Ironically, Verlander may be drawing inspiration from his opponent in this game. Growing up in suburban Richmond, Va., Verlander had the opportunity to watch Mussina pitch in high-pressure situations with Baltimore as a teen-ager and now gets the chance to face him.
“You know, it’s kind of an honor to throw against him. I used to watch him all the time,” Verlander said. “(He) really knows how to set up hitters and use his stuff. Obviously a great pitcher, one of the best in the league, not only this year but for a long time now.”
The 37-year-old Mussina has a 7-7 record and 3.30 ERA in 21 lifetime playoff starts and 22 overall appearances. But the right-hander has just one win in his last five ALDS starts for New York and was the losing pitcher in last year’s decisive Game 5 against the Los Angeles Angels, giving up five runs and six hits in just 2 2-3 innings.
After starting three previous playoff series for the Yankees as their Game 1 starter, Mussina is excited about the prospect of following winning pitcher Chien-Ming Wang’s strong outing.
“I always thought the second game was a pretty big deal,” said Mussina, who went 15-7 with a 3.51 ERA this season. “But after Game 2, there’s three scenarios. You’re either up two, down two, or even.

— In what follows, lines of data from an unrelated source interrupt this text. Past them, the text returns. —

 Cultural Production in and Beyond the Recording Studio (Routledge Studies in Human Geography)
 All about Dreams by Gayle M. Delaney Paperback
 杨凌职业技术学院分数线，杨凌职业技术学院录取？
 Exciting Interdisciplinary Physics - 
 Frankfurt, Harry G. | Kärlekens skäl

“A lot of times in these series, if it’s two games to nothing, one way or the other, you feel you’re in a pretty bad spot. So I think the second game is a big deal.”
Mussina’s lone start against the Tigers this season was an impressive one, a six-hitter in New York’s 6-1 victory May 31 at Comerica Park. He is 17-5 with a 2.50 ERA in 29 lifetime starts against the Tigers, but only 2-2 with a 3.25 ERA in five starts while pitching for the Yankees against them and 1-2 with a 3.86 ERA in three starts at Yankee Stadium versus Detroit.

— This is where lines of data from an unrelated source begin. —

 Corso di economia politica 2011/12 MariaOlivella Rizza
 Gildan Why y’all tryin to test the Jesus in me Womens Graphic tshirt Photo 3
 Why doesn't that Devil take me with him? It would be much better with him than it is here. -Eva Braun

The Tigers were able to take some positives from the game, most notably rallying for three runs in the fifth to cut their deficit to 5-3 and give themselves a chance to win heading into the later innings.
Perhaps more importantly, though, was a lesson learned in the importance of manufacturing playoff runs. Detroit ended a potential rally in the second when Ivan Rodriguez failed to make contact on a hit-and-run, resulting in Magglio Ordonez being thrown out trying to steal third for the first out of the inning.
“The big thing is, you learn right away, you’ve got to manufacture as much as you can and get those runs across,” Tigers center fielder Curtis Granderson said. “If we go ahead and get a couple of runs across in the first, second and third innings, it’s a different story.”